宣戦布告なぞ、知ったことではない。しかしその攻撃はひらりと避けられ、思わず前のめりになって転びそうになった。
「くそッ!」
「気が早いなぁコメットちゃん。でも何か変な勘違いをしてないか? 僕は何も、黙って君の攻撃を食らうとは言っていないよ」
その煽り立てるような口調が、余計に腹立たしかった。だが同時に安心もした。

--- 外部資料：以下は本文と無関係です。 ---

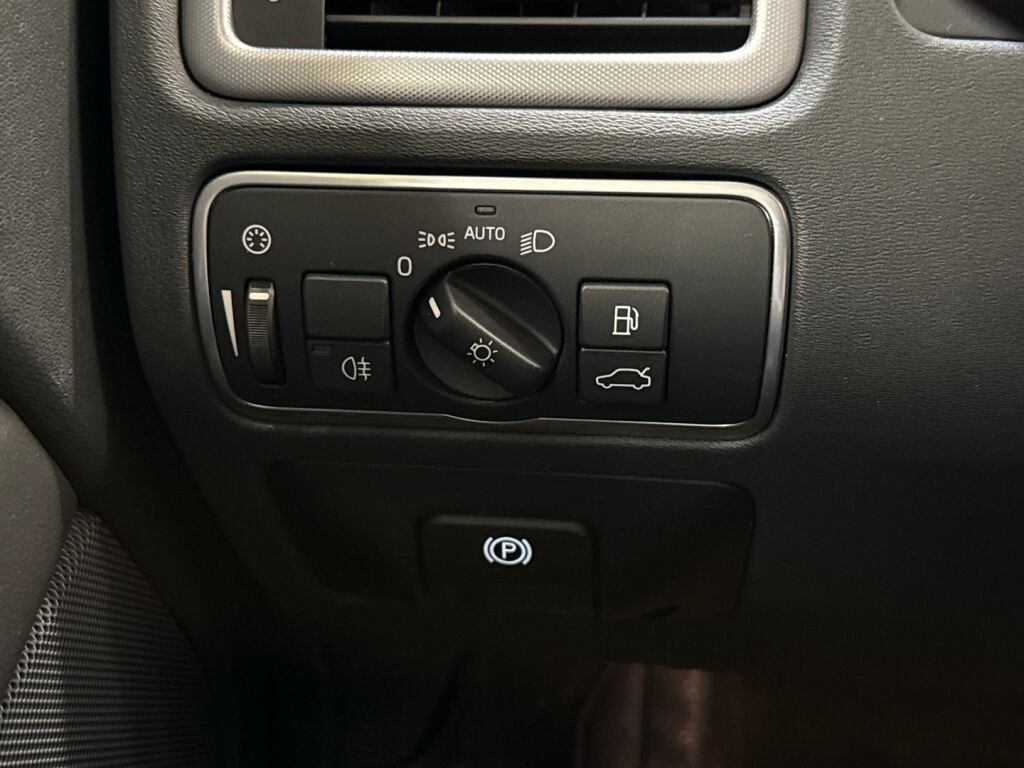Volvo V70 2015 Valkoinen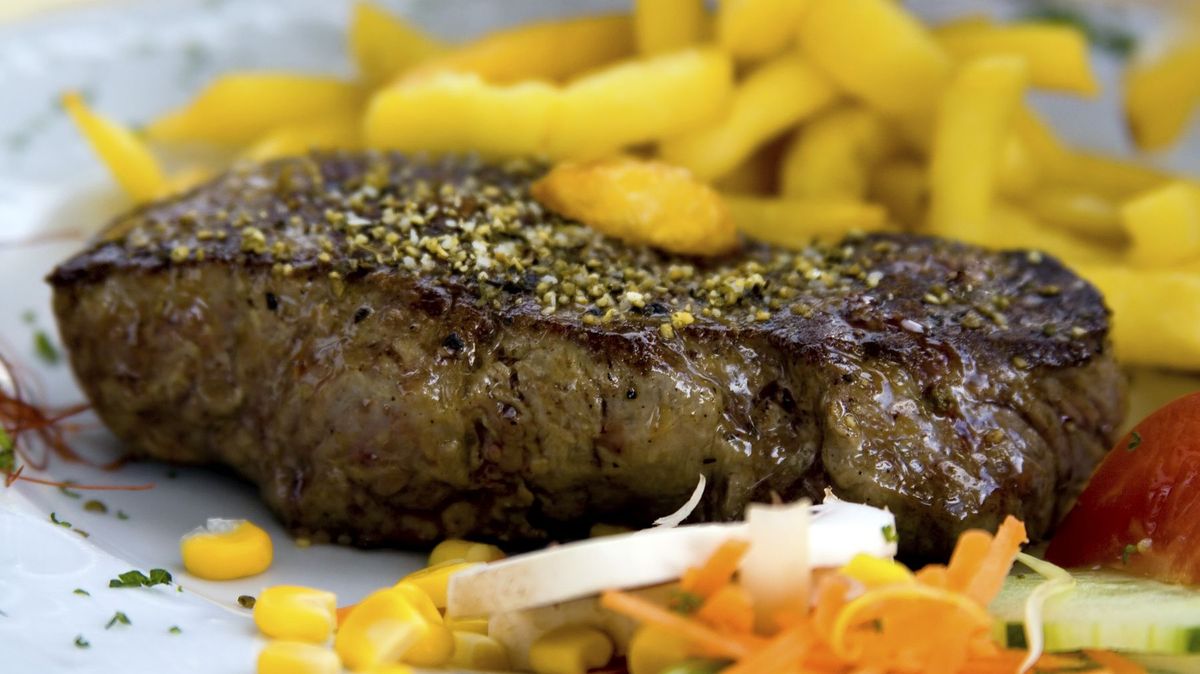 Drahé steaky řeší Trumpovi nejvyšší poradci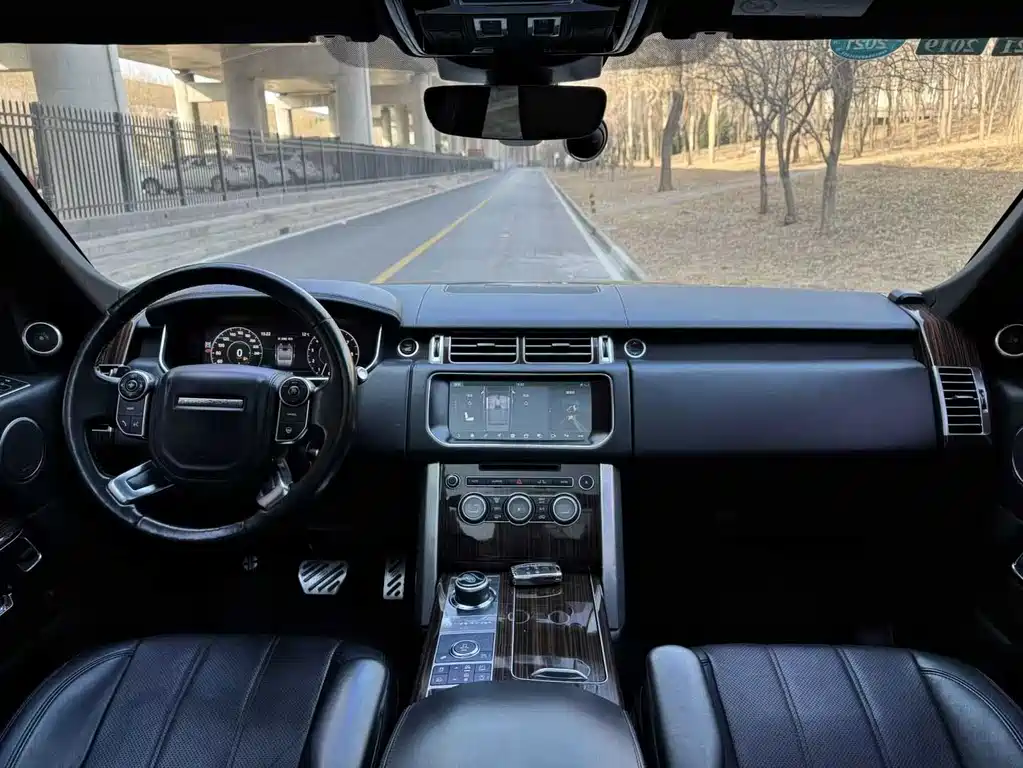 Range Rover 2017 3.0 SC V6 Vogue Extended Edition купить на сайте DeffCars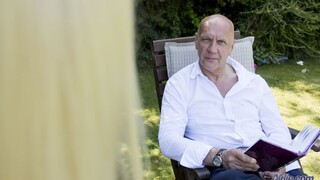 Blonde Maid and Old Hugo Have Outdoor Sex - 4K порно видео на FULL-PORN.COM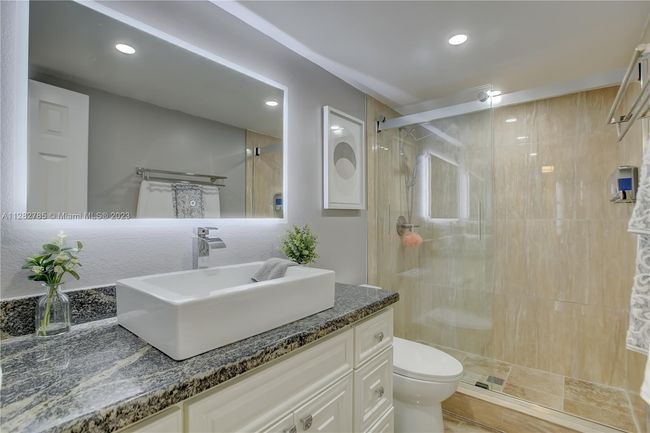 231 - 600 Parkview Dr, Condo with 3 bedrooms, 2 bathrooms and null parking in Hallandale Beach FL | Image 22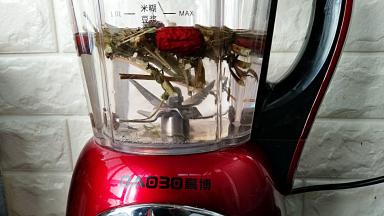 我用的破壁机用煲汤功能，蒸杯入座，链接电源开始煲汤30分钟。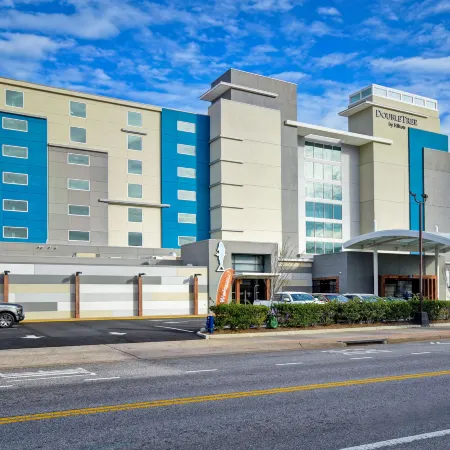 DoubleTree by Hilton Virginia Beach Oceanfront South Отели рядом с достопримечательностью «Кроатан-Бич»
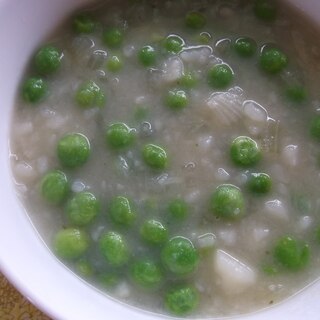 冷凍食品で簡単☆ポテトとグリーンピースのスープ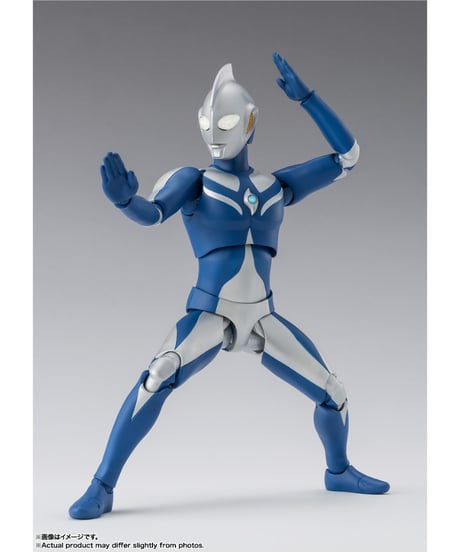 【送料無料】S.H.Figuarts ウルトラマンコスモス ルナモード　フィギュア　［バンダイ］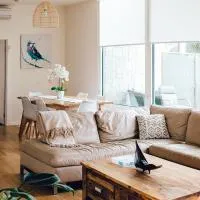 Exclusive Anglesea River Beach Apartment，位于安吉西的酒店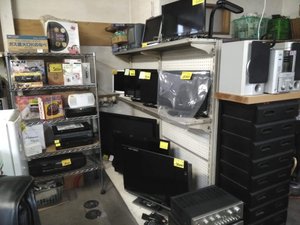 リサイクルショップ運営で買取値引き致します。の施工後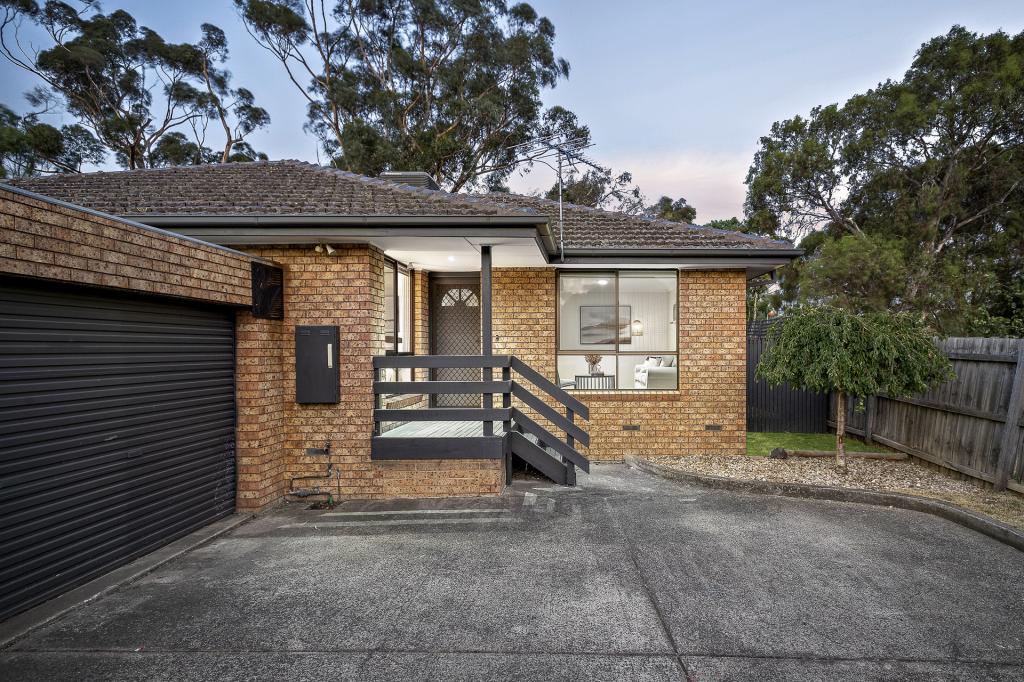 2/18 Coventry Cres, Mill Park, VIC 3082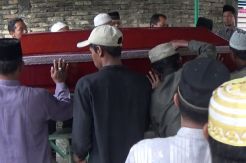 Jenazah Korban Ledakan PLTA di Karo Dimakamkan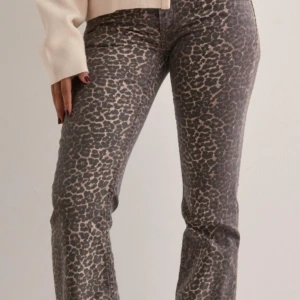 Leopardmönstrade jeans från Nelly - Snygga leopardmönstrade jeans med en tight passform. De har en klassisk femficksdesign och är tillverkade i ett stretchigt material för extra komfort. Använda 1 gång. Köpte för 699!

何せ彼がただ攻撃を受けるだけなのであれば、それはもう単なるドMだとしか言いようがなかったからだ。
その疑惑が払拭できただけでも、やはり彼の精神面での異常は軽く思えた。もっとも、彼がドMかそうでないかは断定できたわけでもないが。
「スメシン!」
「任せろ!」
気前のよい掛け声と共に、彼は近くにあった生木から少し太めの枝をむしり取る。ちょうど長さは、光莉の持っているディフェンスルーと同じぐらいだ。
「コメットちゃん、スメシンさん! 二人で来る時はフォーメーションを忘れずにね!」
ここでふと我に返る。そうだ、これは自分達がよりよいフォーメーションを組むための訓練なのだ。このまま彼の口車に乗せられているだけだと、スメシンとのコンビネーションなどうまくいくわけがない。
もしかするとレーウェンはそれらを理解した上で、あえて久瑠のディフェンスルーを使用しているのだろうか。光莉の動揺を際立たせ、スメシンとのフォーメーションを乱すために。
「スメシン! ちょっとこっち来て」
ここは何か作戦を立たなければ。そう思った光莉は、スメシンを自分の方へ呼び寄せた。
「何や?」
スメシンも首を傾げ、こちらの方によってくる。しかしあろうかとかそれを、レーウェンは邪魔をした。ディフェンスルーを峰に持ち替えた彼が、その打撃を背後からスメシンの左肩目掛けて食らわせたのだ。それも一瞬何が起こったのかわからない程の、無駄のない機敏な動きで。
「痛ッ!」「うぎゃっ!?」
左肩を抑えながら、スメシンが光莉の方へよってきた。表情こそ見えないが、その痛みで彼が苦しんでいるのは伝わってくる痛みでわかる。
いくら刀身を向けていないと言っても、やはりディフェンスルーの強度での打撃は強烈だ。さすがは対カレント武器と言ったところか。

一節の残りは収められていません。